Kinfolk, Kindred and All Relations,
Well, here I am tip-tapping awaiting 0915 to strike, then off to hospital for some fresh slice, snip and dice. No, this isn't the first time, but God, please let it be last time. The only surgery remaining for the skull, would be another implant and that isn't in the horizon. That's up the road a piece. Oh yes, and up to Great Spirit.
By the way, it doesn't matter how many times One is operated on there is no getting used to the concept of having the skull cracked or the skin cut and pieces of my head removed. No, I just never have grown accustomed to it...
...and please believe this is not about trust. Folks know how much I trust and love my doctor, He-Who-Touched-My-Brain. Our relationship is one of the most extraordinary relationships I have ever had in life. I pray for him and his family and pray for the Great Spirit to Bless his hands.
Please Great Spirit, Bless his hands and the hands of them who will assist him during this surgery.
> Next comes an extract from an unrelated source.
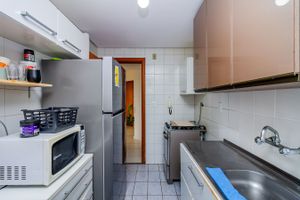 Image 29 - 806369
In an odd and usual sort of way, I'm looking forward to this taking place. I would love to be able to wear and use my implant for the utmost usage. This mini-computer that I so often attach to mine skull. I miss it and am eager for it to be returned from the manufacture. Won't be able to wear it for a spell, but I sure do want it here with me for when I can.
I am not really nervous. There is only one thing I am afraid of and that is waking up during the surgery. It wouldn't bother me in the least if I didn't wake up from it. Today is a beautiful day and it is a good day to die. I would be heading right back up to down South. Just please, please, do not let me wake during this surgery...
...Folks would be reading about me from here in Tampa to Tibet, Tokyo and Turkey.
Got to go.
Much love, peace and more peace, Mario
p.s. I usually do not wake thirsty, but today I could drink two liters of Iced Green Tea - one liter at a time. Ha!